Two other studies tested the timing of methylprednisolone treatment: “Efficacy and Safety of Cortiosteroids for Persistent Acute Respiratory Distress Syndrome” in 2006 and “Methylprednisolone Infusion in Early Severe ARDS” in 2007.  Both studies were randomized controlled trials.  The former study was a looked at patients 7-28 days after the onset of ARDS and used a similar dosing schedule as the 1998 Meduri study.  There was also an established control group that received placebo.  Patients were followed until death, 48 hours of breathing without a ventilator, or 180 days, whichever came first.  This study found no difference in mortality at day 60 or 180.  They did find an increase in ventilator free days in the steroid group.  Another significant finding was that mortality actually increased in the steroid group if they started treatment 14 days or more after diagnosis of ARDS.  Conveniently, the latter study was published the following year studying early treatment of ARDS with steroids.

“Methylprednisolone Infusion in Early Severe ARDS” used a similar dosing schedule as the original Meduri paper, but started with a loading dose of 1mg/kg and continued with 1mg/kg/day for 14 days, then 0.5mg/kg/day for 7 days, then tapering for another 7 days.  This study also compared the steroid group to a control group who received placebo and had a cutoff for crossing over control patients to the steroid group.  Unlike the other studies, this one did not measure success by decreased mortality.  The measure of success was 1-point reduction in LIS or successful extubation by day 7.  The findings of this study showed a decreased mortality, decreased LIS, and decreased inflammatory factors. 

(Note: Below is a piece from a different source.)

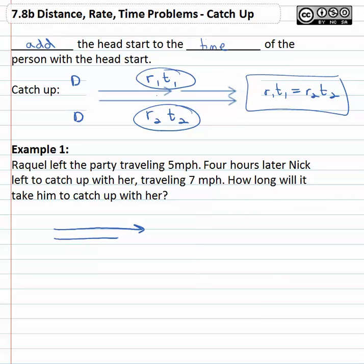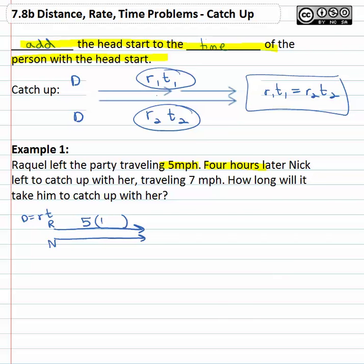Raquel goes, Nick goes and catches up with her. Remember that distance is rate times time. To get this distance on top for Raquel, we'll put Nick on the bottom. We need to multiply a rate times a time. Raquel traveled five miles per hour. Raquel also has a head start — remember we want to add the head start to the time of the person with the head start — four hours later, she's got a four hour head start. So her rate is five miles per hour times her time, which includes an additional head start of four hours.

When considering these three studies, there are some drawbacks.  These are all small studies, with the largest having only 180 participants.  In addition, many of the control patients were crossed over to receive steroids.  This means that there never was a true control group for statistical analysis.  However, the cross over groups did teach us the limits of corticosteroids and the downside to treating late. 

Corticosteroid treatment in ARDS is still a heavily debated concept.  Studies contradict each other in regards to mortality benefits.  As a practitioner considering corticosteroids for a patient suffering from ARDS, it would be best to try the treatment earlier in the course of the disease.  Treating with steroids 14 days after the diagnosis will do more harm to the patient then good.  In the search for new ways to treat patients, practitioners must above all else ensure to do no harm.